Other LiDAR suppliers are focused a bit more on the long term, since cameras, radar, and ultrasound sensors are effective for most advanced driver assistance systems now being designed into new vehicles. But researchers in the auto industry are already working on prototype vehicles that employ mechanical LiDAR systems. That will help prepare them for a transition to smaller packages for marketable vehicles.
“We’ve got products in development that target the post-2020 model year,” said Chris Jacobs, General Manager of Automotive Safety for ADI. “The products we have now are the size of a bread box – no one wants that on a production vehicle.”
Where are the Connectors?
Though LiDAR brings many technical advantages, most automakers won’t deploy LiDAR until solid-state modules become cost-effective. Adding the laser and some processing pushes pricing higher than the costs of other sensors, so LiDAR probably won’t be deployed in advanced safety systems before the transition to full autonomy. In this early phase, connectors aren’t a major design concern. Yet, they will undoubtedly be a key element in future designs, so connector companies are eager to be involved in the design and development process.
“It’s been difficult getting engineering face time with OEMs and Tier 1s,” said Nate Owens, associate product marketing manager at Phoenix Contact. “We’d like to have conversations about optimizing wire harnesses, but most engineers are currently happy to use standard connectors and cabling.”
As LiDAR joins the mix of sensors, conventional wiring will undergo a major evolutionary step. The CAN links and other common connections in the wiring harness world will probably be joined by Ethernet, which provides far higher speeds than anything now used on the highways.
“No doubt, the architectures have to change,” said Mark Rettig, global marketing manager at Molex. “It won’t be simple, twisted-pair wiring any more. Speeds are going up from 100Mbits per second to six or more Gbits per second. Many sensors will probably be connected using Ethernet.”

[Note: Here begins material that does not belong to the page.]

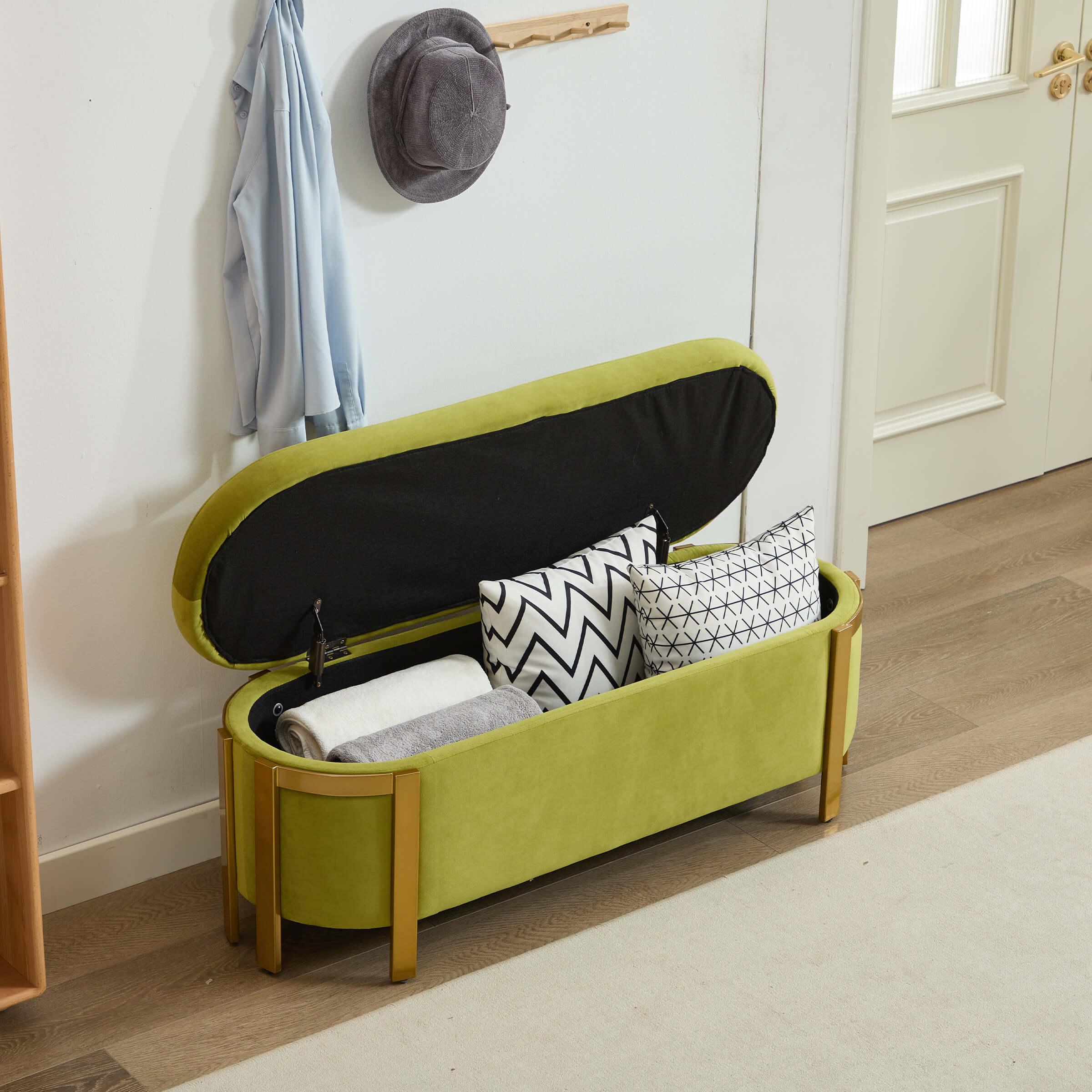 ZH4YOU 48”W Storage Bench Ottoman End of Bed - 5001BH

The evolution will have many implications for connector suppliers. When high-resolution sensors are transmitting copious amounts of data, providing enough speed is only the price of admission to the marketplace.

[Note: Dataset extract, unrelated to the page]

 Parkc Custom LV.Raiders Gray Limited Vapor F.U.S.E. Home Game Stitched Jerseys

“One thing that has really come into play is signal integrity,” said Joe Falcone, new product development manager, vehicle networking solutions, at Molex. “Impedance matching has become important and we have to look at EMI and EMC to protect signal integrity. It’s a lot different from the past, when you put a connector on twisted copper and you were done.”
Reliability is also a critical factor for connectors. Shock and vibration levels are high, given the poor state of many roads. Connectors are often stuck behind bumpers or close to noisy engine compartments, where they’re exposed to the elements.

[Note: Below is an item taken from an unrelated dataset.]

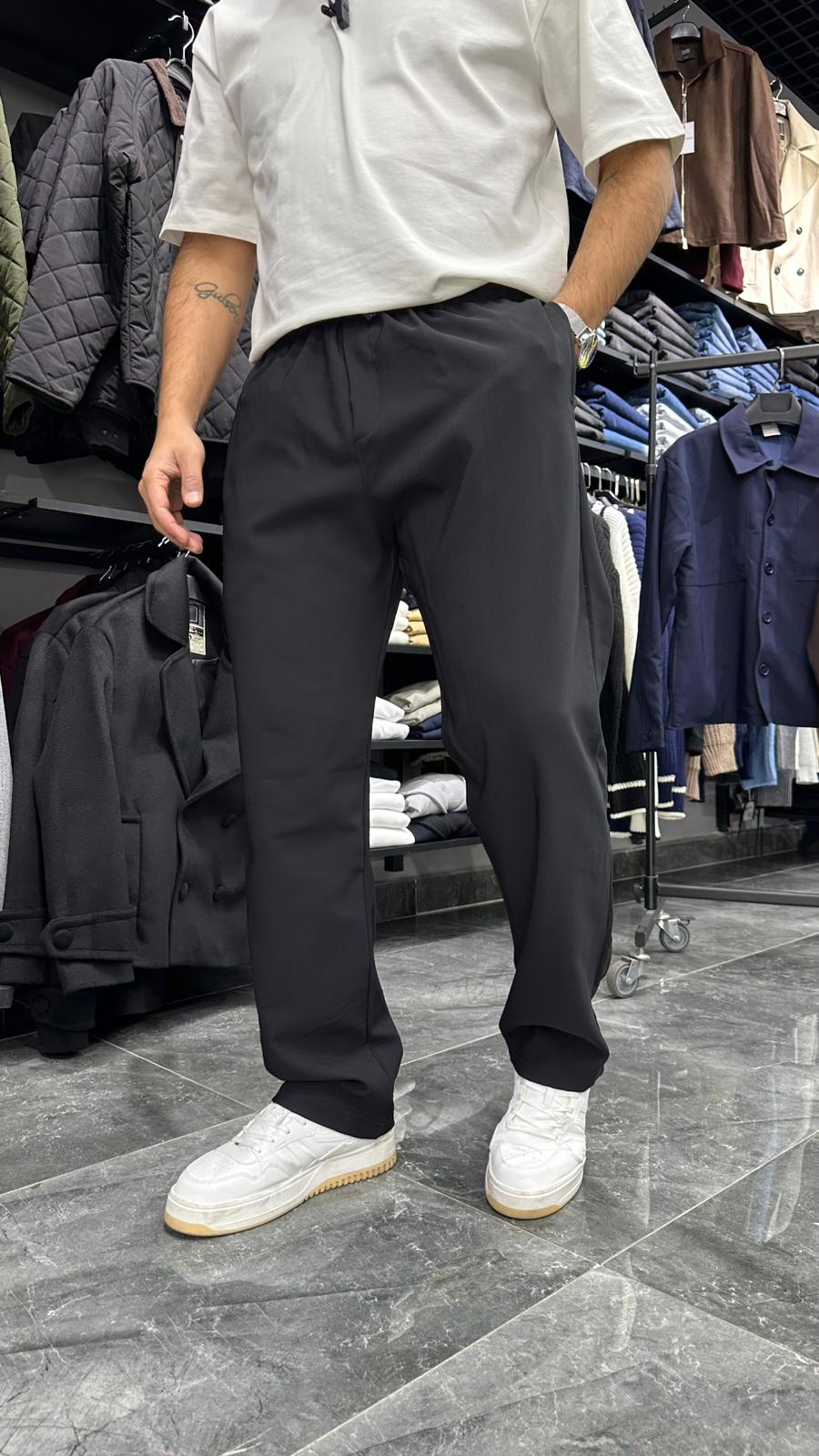 Relax Fit Fabric Pantolon Siyah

“Most LiDAR modules will be in harsh environments,” Owens said. “They’ll need to be fully water tight and match or exceed the standard requirements we have today. They’ll also need fully shielded, twisted pair cabling so there won’t be any crosstalk.”
Cooling also becomes a more important aspect in connector design. Automotive components always need to have broad temperature ranges so vehicles can be used in the Arctic or in deserts. That’s exacerbated by LiDAR, since the components themselves add a fair amount of heat.
“Cameras can generate a lot of heat because they have an LED,” Rettig said. “You’ve got to dissipate that heat or it can distort the picture. Connectors have to provide high speed, you have to look at the system from end to end, from chip to chip.”
The best way to design a system that takes all of these factors into account is to include connector companies from the very start. When individual components operate in harmony, the end product and performance are that much more dependable. In a system designed for safety, nothing is more important.